On June 10th, 2024, a service degradation occurred on Passbolt Cloud between 4:00 PM and 5:15 PM UTC. This incident resulted in some users experiencing 404 errors and limited or no access to their organization workspace. This incident was triggered by a release performed on the same day that contained some performance improvements that proved to be problematic in conjunction with the underlying auto-scaling service configuration.

Impact

We understand that this service degradation may have disrupted your daily operations, and we sincerely apologize for the inconvenience caused.

Root Cause Analysis

A thorough investigation identified a combination of factors contributing to the incident:

Change of Resource Usage: The deployed applications were experiencing a change in usual resource consumption.
Aggressive Scaling Policy: The recently implemented scaling policy was overly aggressive in resource deallocation.
Cluster Topology: The specific configuration of the underlying cluster exacerbated the resource constraints.

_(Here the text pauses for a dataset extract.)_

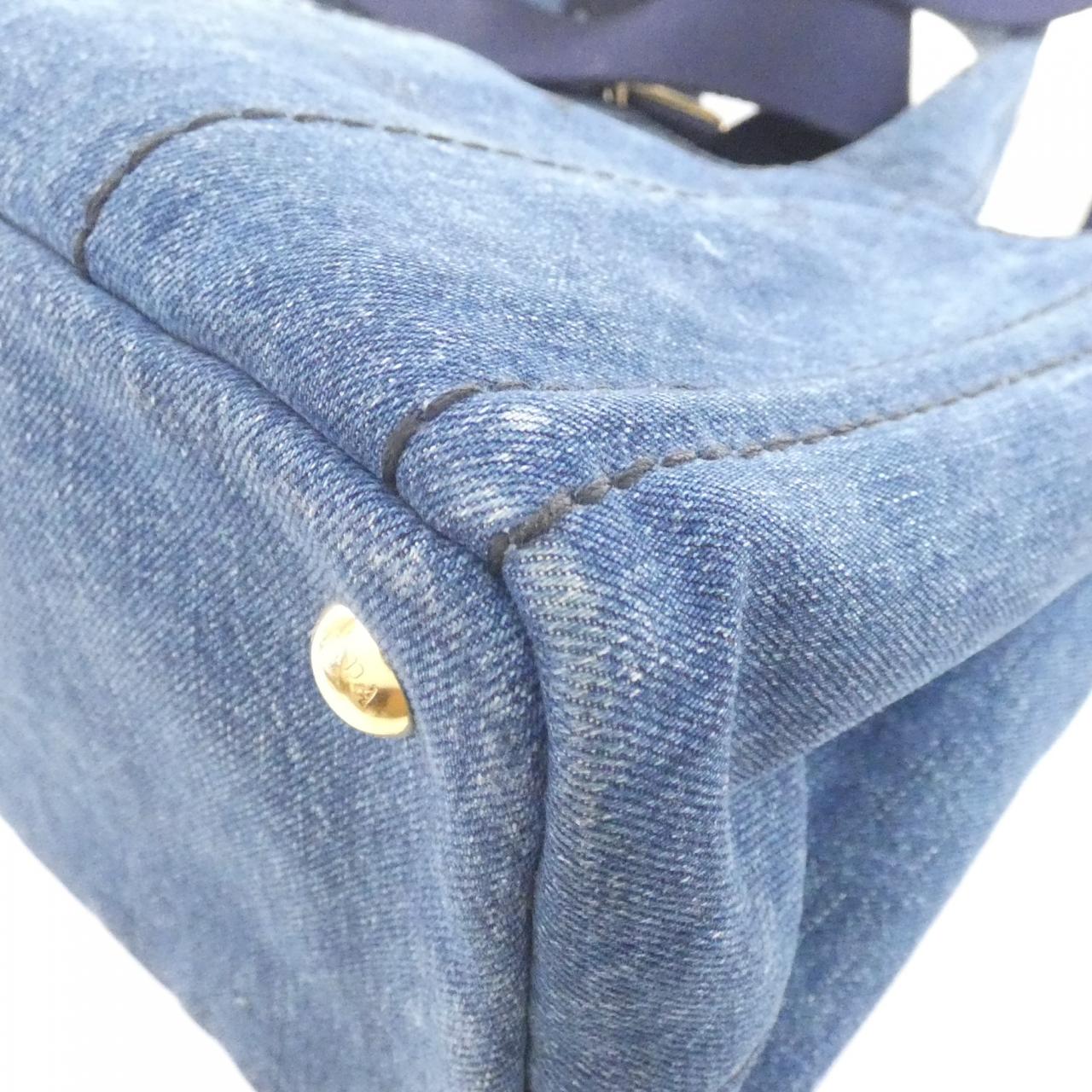 Prada 1Bg439 Bag Denim Travel Bag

These factors, when combined, triggered a cascading series of failures across various system components, leading to the service degradation.

Resolution

The engineering team promptly rolled back the new release and restarted the underlying services to restore service stability.

Next steps

We are committed to providing a reliable and high-performing cloud service. We will continue to monitor system performance closely and implement new preventive measures.

In that purpose, the following internal actions will take place:

Scaling Policy Review: Our team is actively reviewing and adjusting the scaling policy to ensure optimal resource allocation and prevent future resource contention.
Application Resource Optimization: We are continuing to investigate opportunities to optimize resource utilization within our applications.
Cluster Configuration Analysis: The underlying cluster configuration is being evaluated to identify any potential optimizations that could mitigate similar incidents in the future.

Thank you for your patience and understanding.

Timeline

June 10th, 2024:

15:30 CEST: Deployment of a new release that includes performance improvements specific to the cloud.
16:05 CEST: Service degradation began.
16:10 CEST: Service degradation reported by customers and monitoring tools.
16:20 CEST: Incident response team mobilized
16:30 CEST: Incident response team starts rolling back the release
16:45 CEST: Rollback of the release completed
17:10 CEST: Public communication about the incident on public channels
17:15 CEST: Remaining affected components are restored in working state
17:20 CEST: Service is back to nominal performance.
17:40 CEST: End of incident communicated on public channels.

June 11th, 2024:

18:00 CEST: Incident response team investigation ends

June 12th, 2024

12:00 CEST: Incident report published on the website.

Current status:

1. Acknowledge issue with reporter
2. Get a fix/patch prepared
3. Prepare a report about the issue
4. Feature the incident report